WHAT YOU ARE ASKED TO DO
Pictures stay out of the output. Return exactly the lines below from the one with "619超極上　マーブルウッド　瘤杢　縮杢　木軸シャーペン　ボールペン" down to the one with "Locachy Womens Faux", both included, and nothing more.

EXTRACTED ENTRIES: Begin

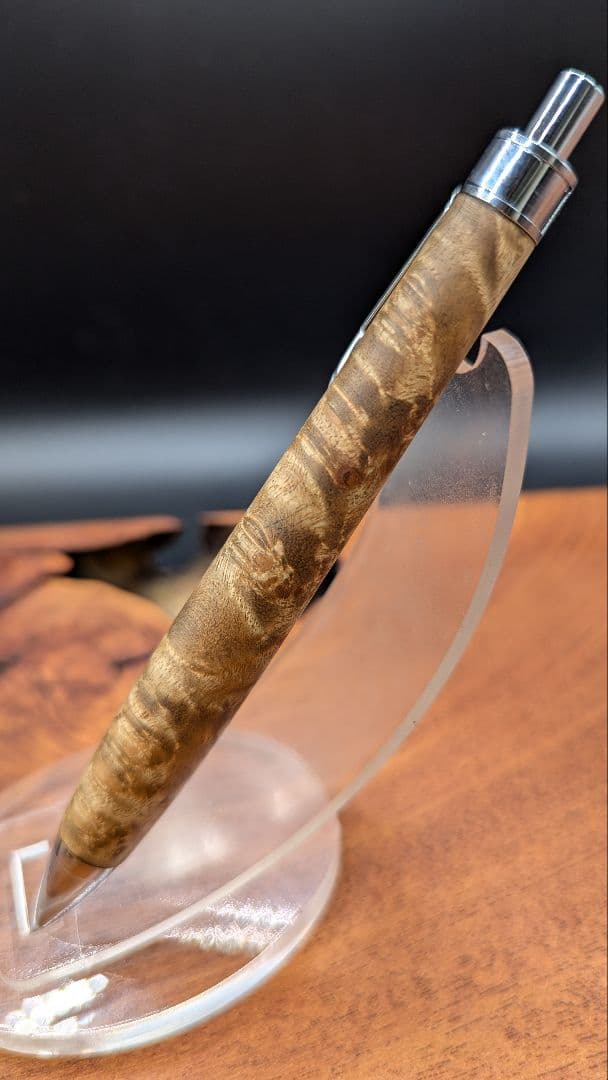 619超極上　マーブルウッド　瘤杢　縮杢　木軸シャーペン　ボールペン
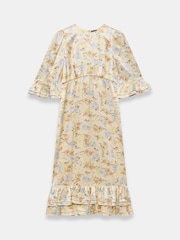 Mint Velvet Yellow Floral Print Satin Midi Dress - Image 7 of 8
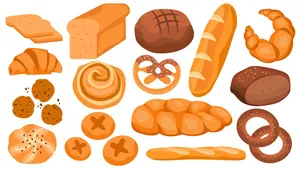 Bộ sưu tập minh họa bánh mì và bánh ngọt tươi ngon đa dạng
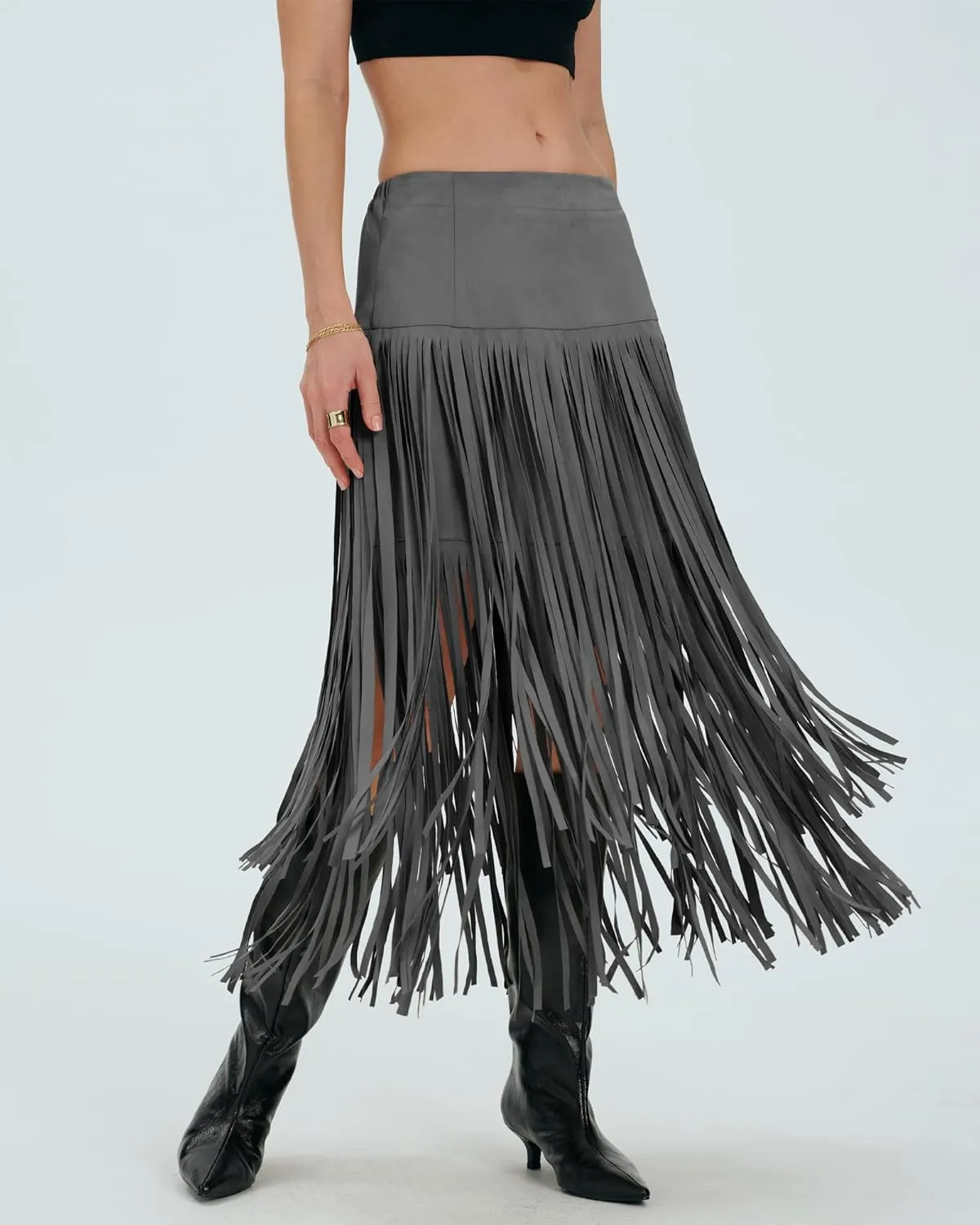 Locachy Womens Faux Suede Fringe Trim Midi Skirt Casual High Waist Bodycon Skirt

EXTRACTED ENTRIES: End
EXTRACTED ENTRIES: Begin

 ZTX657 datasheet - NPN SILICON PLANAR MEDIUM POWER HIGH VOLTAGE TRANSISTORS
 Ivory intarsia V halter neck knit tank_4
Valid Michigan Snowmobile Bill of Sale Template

EXTRACTED ENTRIES: End

EXERCISE OUTPUT
 619超極上　マーブルウッド　瘤杢　縮杢　木軸シャーペン　ボールペン
 Mint Velvet Yellow Floral Print Satin Midi Dress - Image 7 of 8
 Bộ sưu tập minh họa bánh mì và bánh ngọt tươi ngon đa dạng
 Locachy Womens Faux Suede Fringe Trim Midi Skirt Casual High Waist Bodycon Skirt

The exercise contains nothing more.